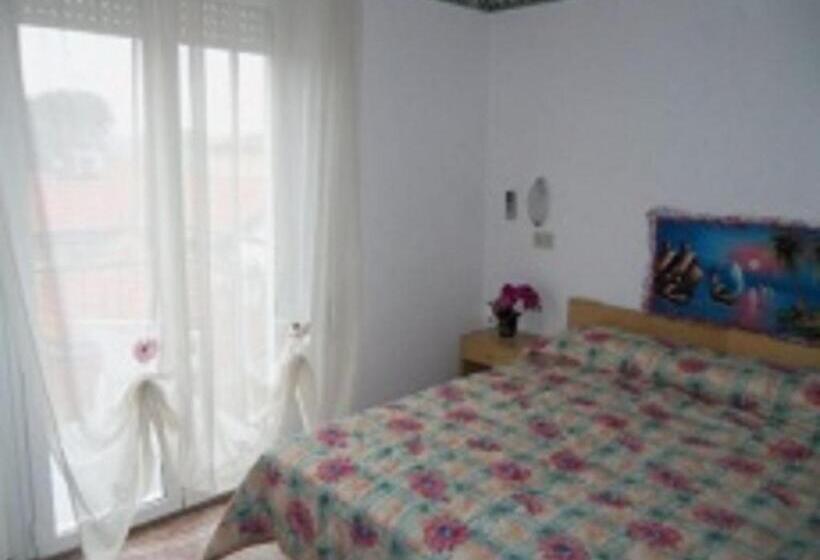 ホテル Atene Albergo Riccione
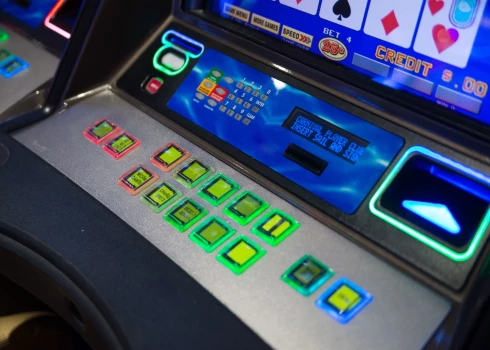 Azartspēļu nozares ieņēmumi pērn auguši par 3,7%.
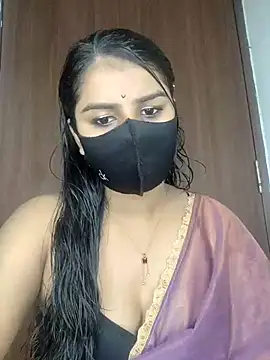 Snapshot of Alix_cuti chatting on 05.03.26 Alix cuti online show from 05.03.26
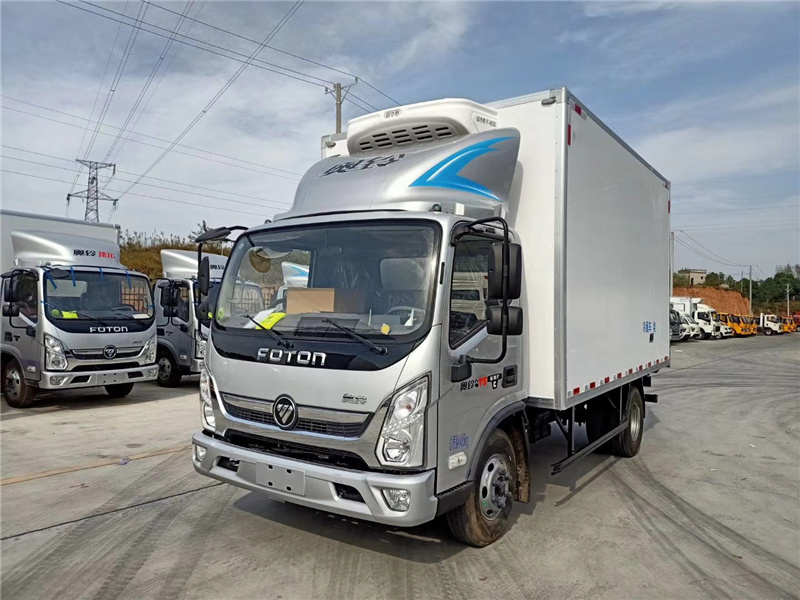 國(guó)六福田奧鈴CTS寬體冷藏車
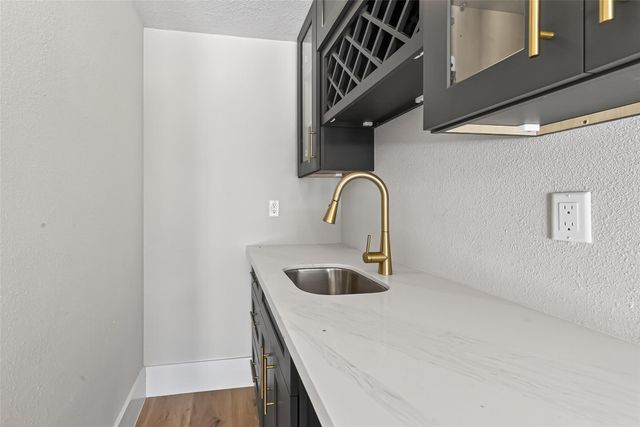 3138 Country Club Boulevard, Stafford, TX 77477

= = = = =

An exact copy of the lines from the line containing "國(guó)六福田奧鈴CTS寬體冷藏車" through the final line of the listing, without pictures, is the expected result.

 國(guó)六福田奧鈴CTS寬體冷藏車
 3138 Country Club Boulevard, Stafford, TX 77477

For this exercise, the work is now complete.